== Web page caption snippets ==
"""

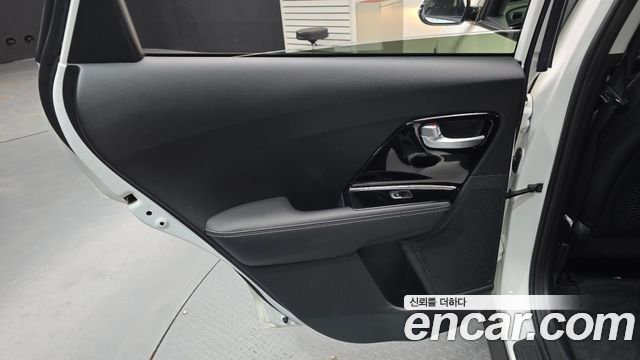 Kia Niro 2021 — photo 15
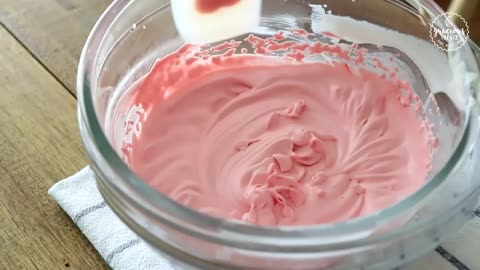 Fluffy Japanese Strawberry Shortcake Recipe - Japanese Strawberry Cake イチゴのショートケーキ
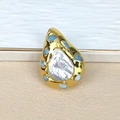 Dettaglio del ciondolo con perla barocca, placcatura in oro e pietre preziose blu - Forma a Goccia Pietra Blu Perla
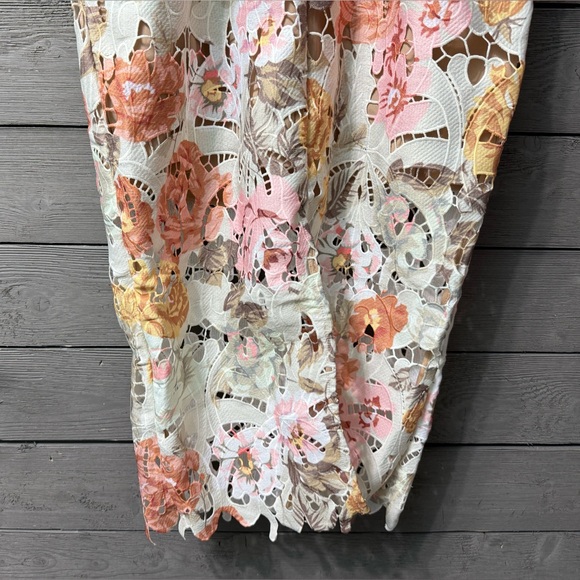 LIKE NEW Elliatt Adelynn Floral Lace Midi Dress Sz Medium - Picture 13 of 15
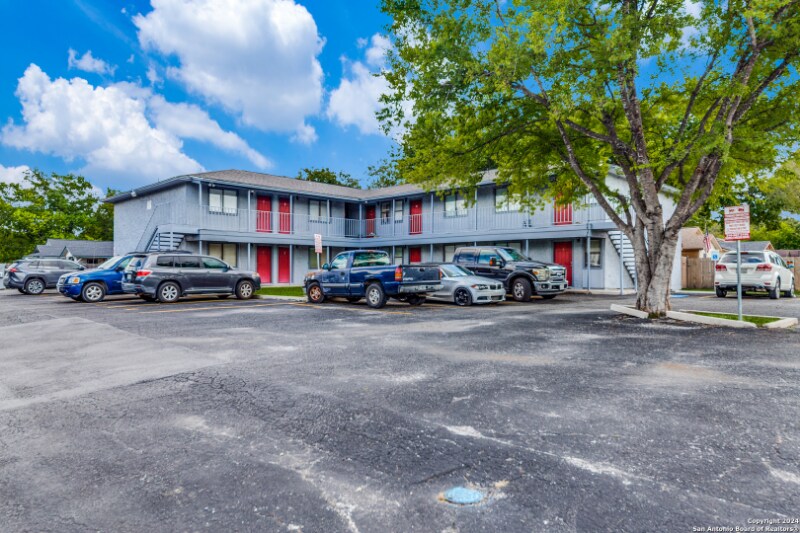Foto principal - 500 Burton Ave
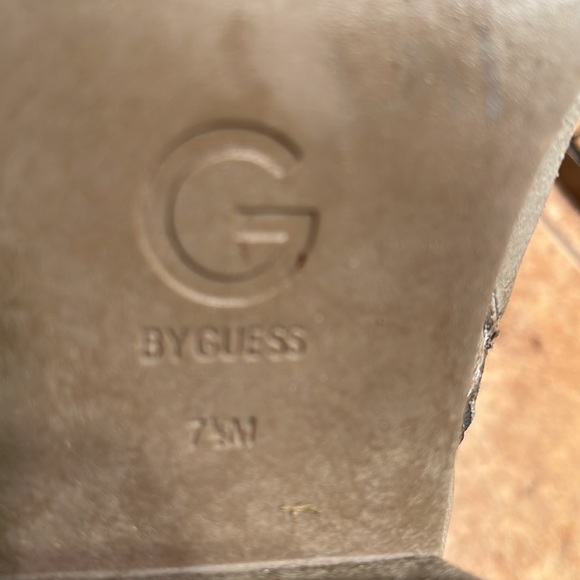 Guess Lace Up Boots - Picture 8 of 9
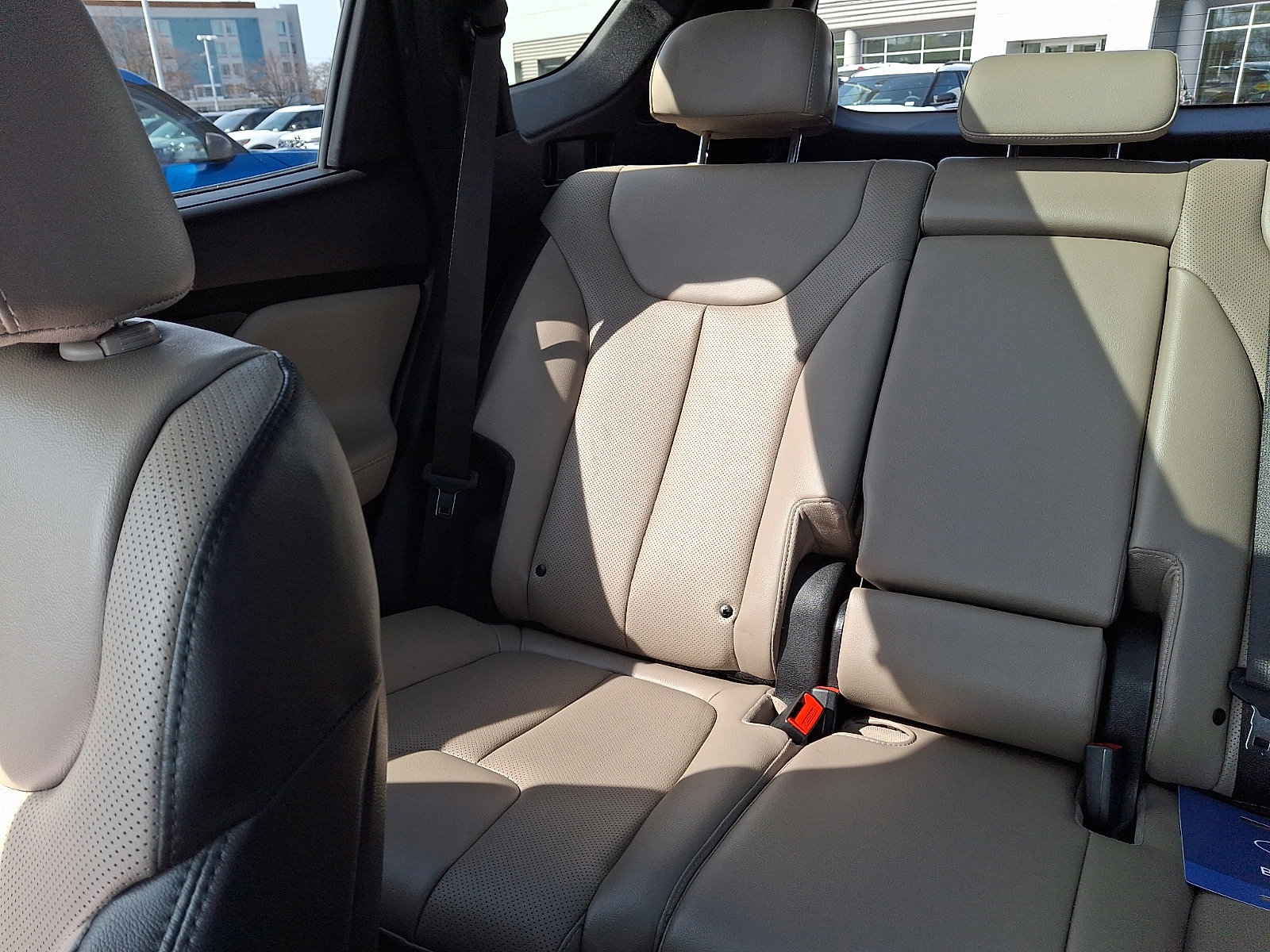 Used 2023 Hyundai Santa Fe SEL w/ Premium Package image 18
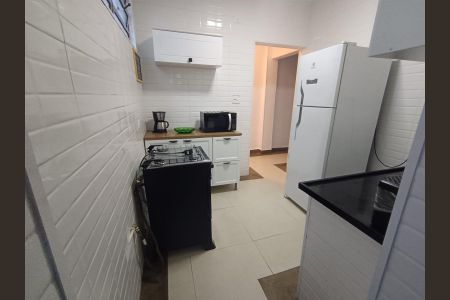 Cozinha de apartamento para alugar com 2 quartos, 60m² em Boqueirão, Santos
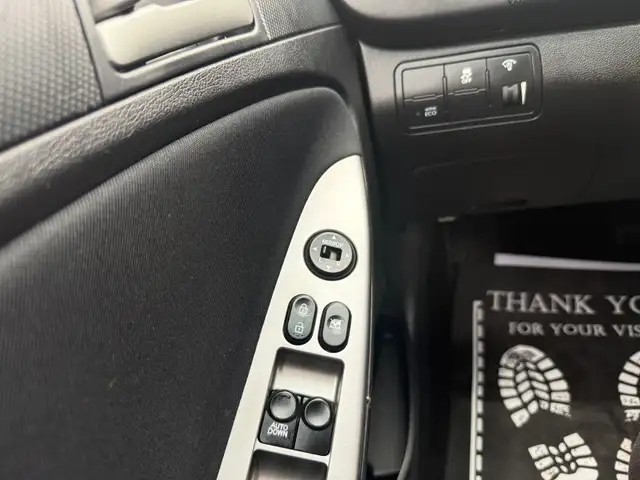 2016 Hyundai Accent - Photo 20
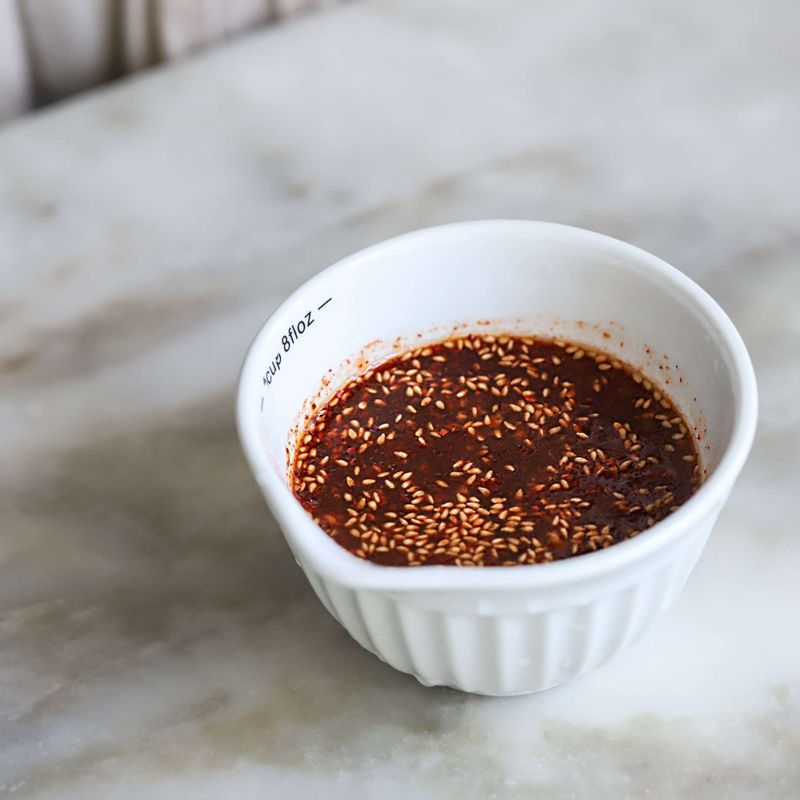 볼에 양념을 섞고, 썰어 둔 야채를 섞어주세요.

"""

== What the task asks ==
Copy each line of the records above without change, but do not include any picture.

== Expected answer ==
 Kia Niro 2021 — photo 15
 Fluffy Japanese Strawberry Shortcake Recipe - Japanese Strawberry Cake イチゴのショートケーキ
 Dettaglio del ciondolo con perla barocca, placcatura in oro e pietre preziose blu - Forma a Goccia Pietra Blu Perla
 LIKE NEW Elliatt Adelynn Floral Lace Midi Dress Sz Medium - Picture 13 of 15
Foto principal - 500 Burton Ave
 Guess Lace Up Boots - Picture 8 of 9
 Used 2023 Hyundai Santa Fe SEL w/ Premium Package image 18
 Cozinha de apartamento para alugar com 2 quartos, 60m² em Boqueirão, Santos
 2016 Hyundai Accent - Photo 20
 볼에 양념을 섞고, 썰어 둔 야채를 섞어주세요.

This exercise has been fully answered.